Sorry for the time this is taking, I'm not able to reproduce the issue and that makes things harder. I'm not sure if these rules can be deleted directly in the database, there are probably a lot of foreign keys preventing this
dm-ion
commented
2 years ago Hey @gtoison I just tried your patch on SQ 9.1 on a test server, got around the issue with booting.
The error I had previously was: org.sonar.server.exceptions.BadRequestException: Rule was removed: findsecbugs:XSS_JSP_PRINT
gtoison
commented
2 years ago Hello @dm-ion thanks a lot for testing and reporting back, it's great news that the patch fixes the issue for SQ 9.1 !
If someone affected by the issue and using SQ 8.9 could also test https://github.com/gtoison/sonar-findbugs/releases/tag/4.0.4.3 that would be great
sephiroth-j
commented
2 years ago Hello @gtoison , the plugin from https://github.com/gtoison/sonar-findbugs/releases/tag/4.0.4.3 works with SQ 8.9 - no startup errors! :) Just a side note: the displayed version of the plugin is "4.0.4.2" instead of "4.0.4.3".

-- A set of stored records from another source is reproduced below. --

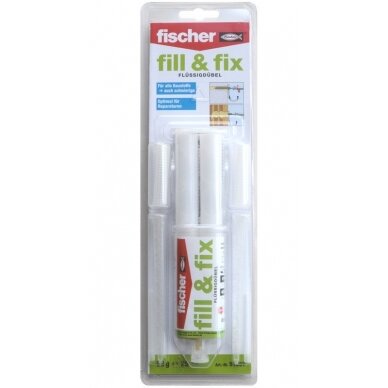 Cheminė masė „FILL&FIX" K 25 ml 2 Cheminė masė „FILL&FIX" K 25 ml 2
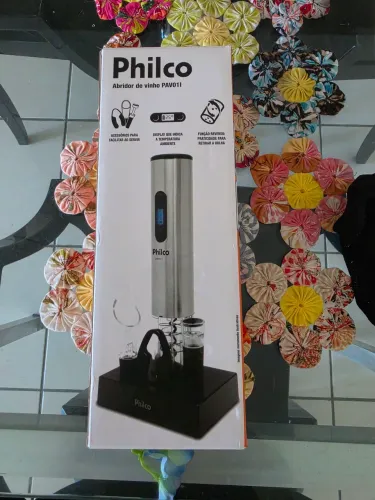 Abridor vinho elétrico Philco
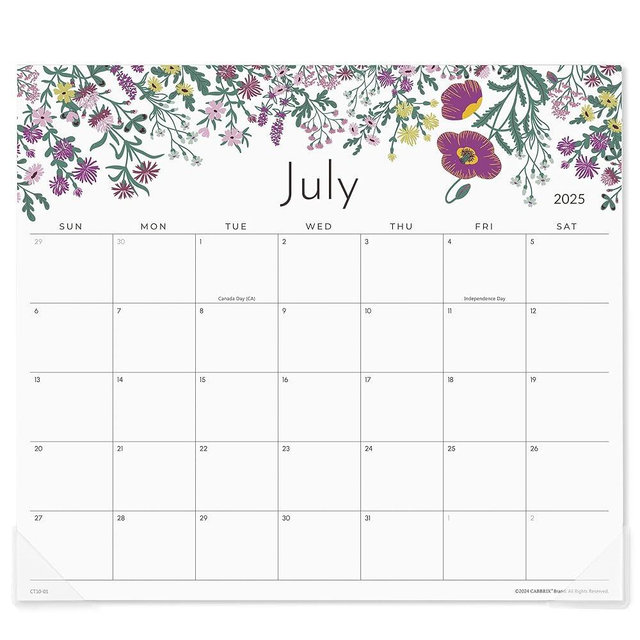 Cabbrix Magnetic Calendar for Fridge, 2025-2026 Refrigerator Calendar Runs Until June 2026 for Planning and Organizing Your Life, 13 x 11-1/2 Inches, Floral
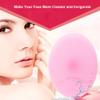 3 in 1 Silicone Facial Wash Brush, Double Sides Face Brush, Facial Cleansing Brush Manual Dual-Action Face Brush for Acne, Exfoliating Wash Scrub Brush Dual Face for Face Skincare and Massage view 4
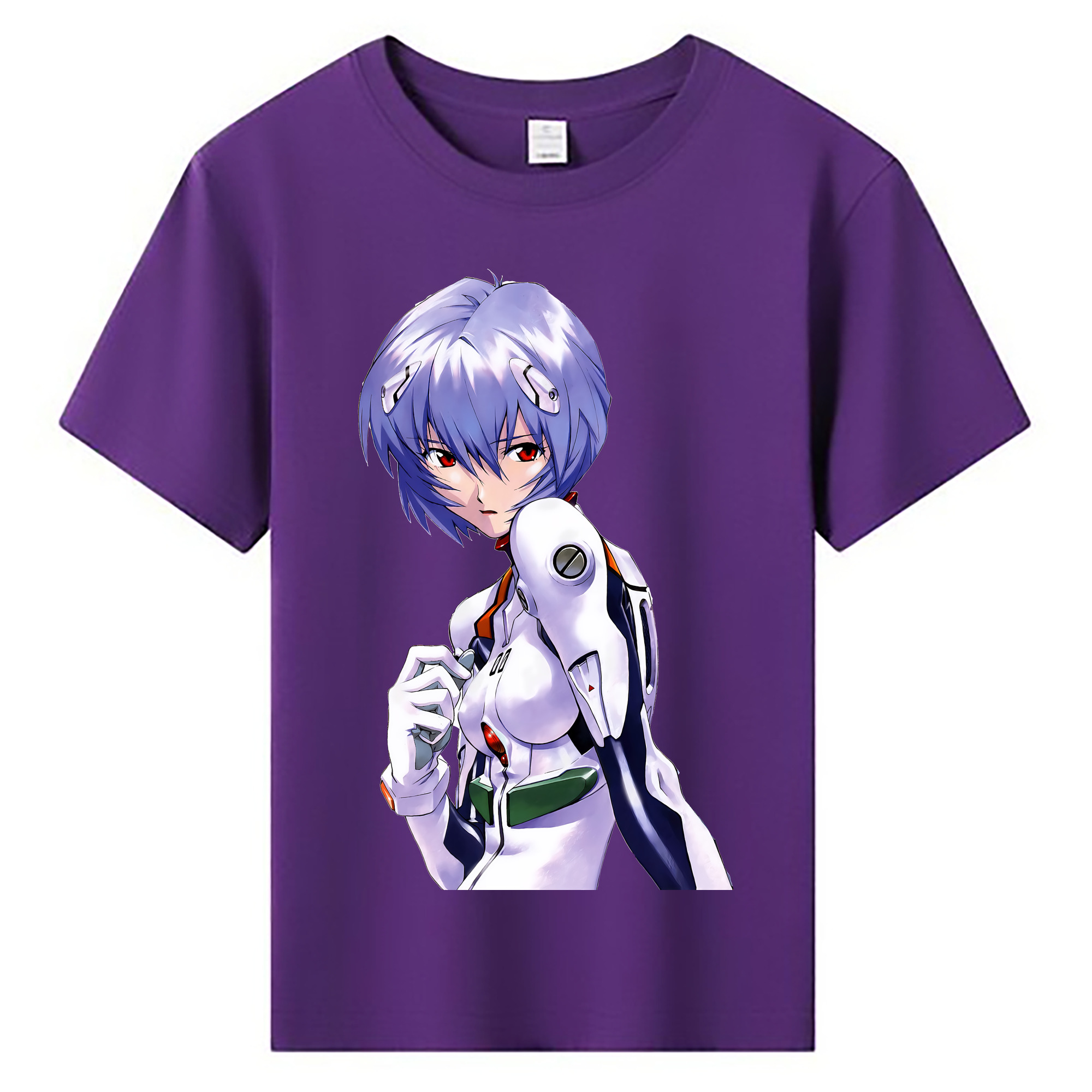 （画像用） EVA 新世紀エヴァンゲリオン 綿100％キッズTシャツ（フロントプリント）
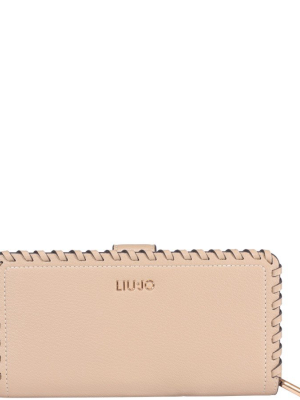 Liu Jo Seam-detailed Continental Wallet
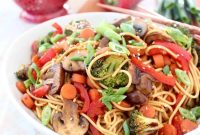 General Tso’s Vegetarian Noodle Stir-Fry Recipe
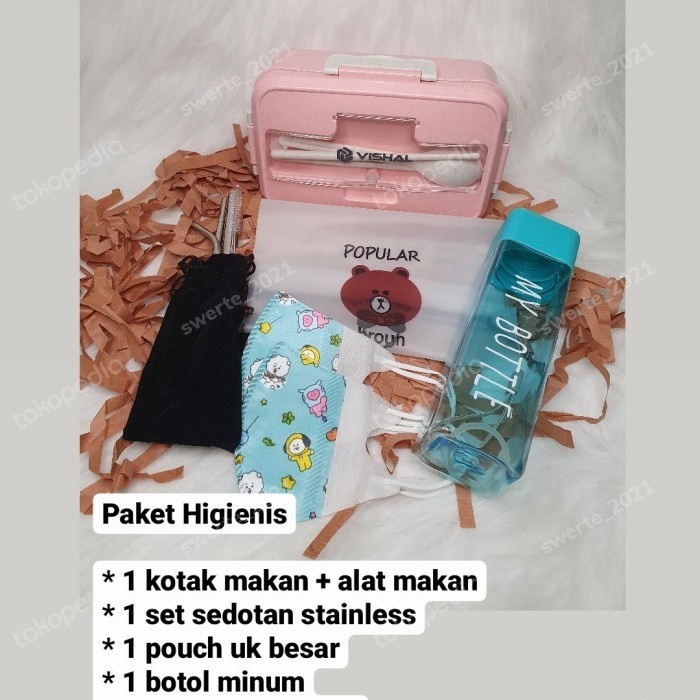 

(COD) PAKET HIGIENIS KADO ULTAH ANAK PEREMPUAN LAKI HAMPERS GIFT SOUVENIR - wrapping bubble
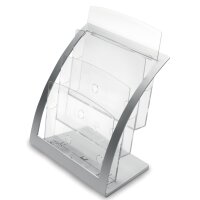 deflecto Prospekthalter Contemporary, DIN A4, silber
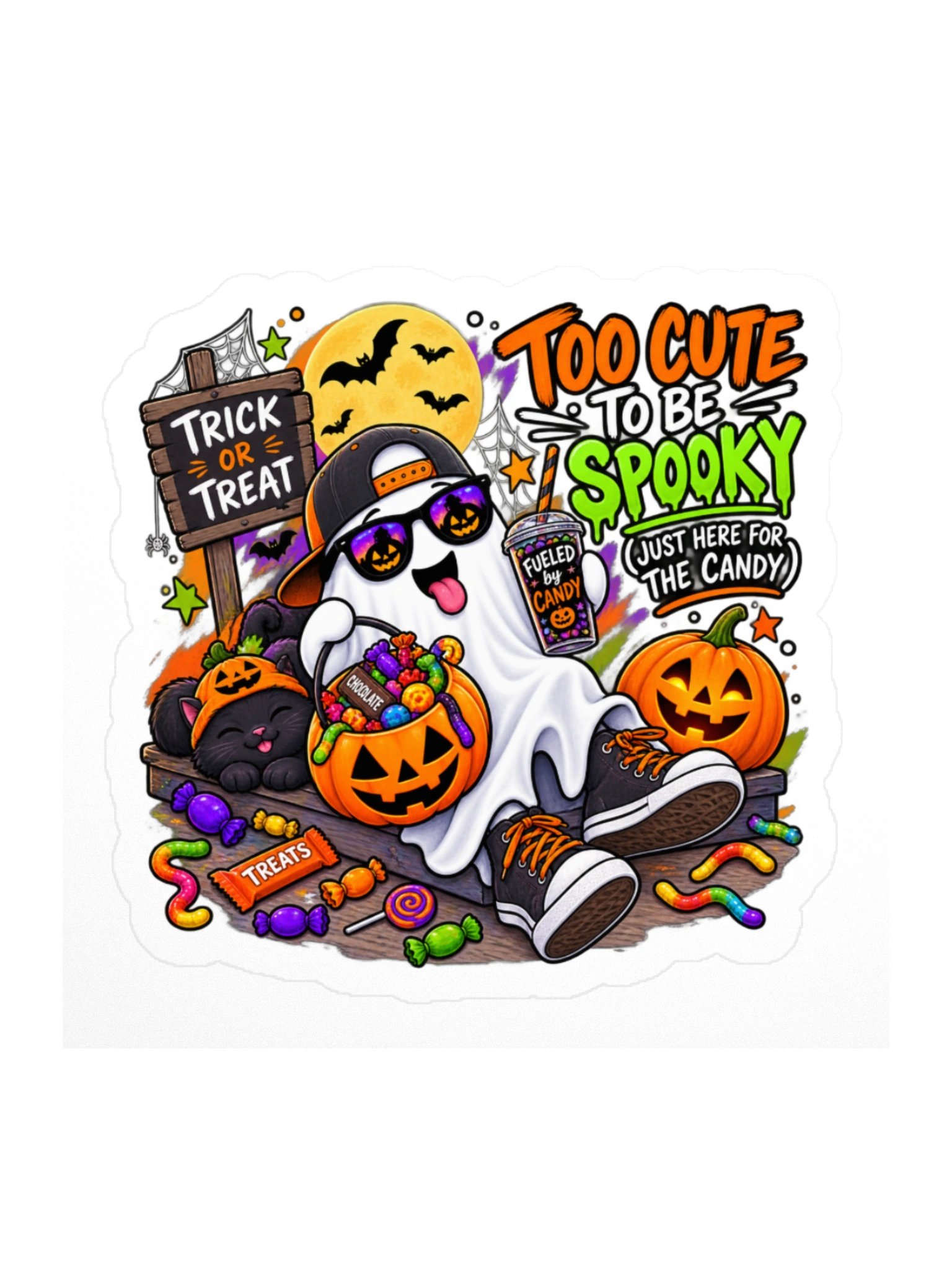 Too Cute to be Spooky Sticker product image (1)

Rules XSS_JSP_PRINT and XSS_REQUEST_PARAMETER_TO_JSP_WRITER are now located in the findsecbugs-jsp repository.
gtoison
commented
2 years ago Hello @sephiroth-j Thank you for testing and confirming that the patch solves the issue for SQ 8.9 too. I will work with the SpotBugs team to make a proper release. This might take some time though because the current maintainer is very busy.
gtoison
commented
2 years ago Reopening the issue until there's a proper release of the fix
gtoison
commented
2 years ago We have released version 4.0.5 with a fix for this bug: https://github.com/spotbugs/sonar-findbugs/releases/tag/4.0.5 It was submitted to the marketplace but not accepted yet (there seem to be a backlog for accepting new releases of plugins).
I'm updating our SonarQube installation from 7.9.5 (sonar-findbugs-plugin-3.11.1.jar) -> 8.9.2 (sonar-findbugs-plugin-4.0.4.jar) When i add the sonar-findbugs-plugin-4.0.4.jar, i get an exception on startup and SonarQube stops. When i remove the plugin, SonarQube works as expected.